The exciting part for the high school students? Such projects are being conducted this summer by undergraduate researchers not much older than themselves.

Top Elon University students involved with the Summer Undergraduate Research Experiences program explained their work June 27 to dozens of Alamance County high school students on campus as part of the university’s college access and success program.

“Our students are the first in their families to go to college and may not be aware of opportunities once they’re there,” said Deborah Long, a professor of education and director of the Elon Academy. “As a college student you can get involved in research and work with a faculty member on a question that’s important to you.

“We also know that students involved in undergraduate research often go to graduate school, and we want our scholars to think not just about college, but beyond college.”

This summer marks the fourth year of collaboration between the Elon Academy and the SURE program. Organizers said the benefits aren’t limited to the high school scholars.

Elon senior Kelly Brand attaches a mask to Elon Academy scholar Josue Alonso in the university's Exercise Science Laboratory on June 27, 2013, as junior Maureen Dinnie observes the demonstration of lab research equipment.

“Having the opportunity to interact with younger, talented students shows our SURE scholars the importance of sharing their work, ideas and interests,” said Professor Paul Miller, director of the university’s Undergraduate Research Program. “After all, that is the foundation on which a scholarly community rests.
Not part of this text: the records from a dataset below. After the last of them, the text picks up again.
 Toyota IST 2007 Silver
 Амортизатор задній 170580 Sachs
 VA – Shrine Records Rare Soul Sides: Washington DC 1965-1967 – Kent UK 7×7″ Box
Being able to talk about their projects and effectively communicate its nuances affords the SURE scholars a meaningful teaching opportunity.

“It is exactly these types of learning moments that are so important to our community.”

SURE scholars earn a stipend while spending eight weeks working full-time on a project in collaboration with a faculty mentor with substantial and recognized expertise in the discipline. Projects range across all disciplines, from the natural sciences to the performing arts to business and communications.

Elon senior Kelly Brand and junior Maureen Dinnie shared details of their respective projects with Elon Academy scholar Josue Alonso, a rising sophomore at Graham High School. Dinnie, a psychology major, discussed work on the emotional experiences conveyed by students in college academic service-learning courses.

For Brand, an exercise science major collecting data on a dietary supplement’s effects on cognition during exercise, explaining her work was “refreshing” at a time when many teenagers lack Alonso’s curiosity about scientific research.

“It was really nice to see someone young be so interested in what I was doing,” she said a short time after meeting with Alonso. “And it’s always fun to talk about my project. I really like what I’m doing!”

Launched by Elon University in 2007, the Elon Academy is an intensive college access and success program for local high school students with high financial need or no family history of attending college. It combines a month-long residential program over three successive summers with follow-up experiences during the academic year.

The academy is a multi-year, year round program beginning in the summer after the ninth grade and continuing to and through college.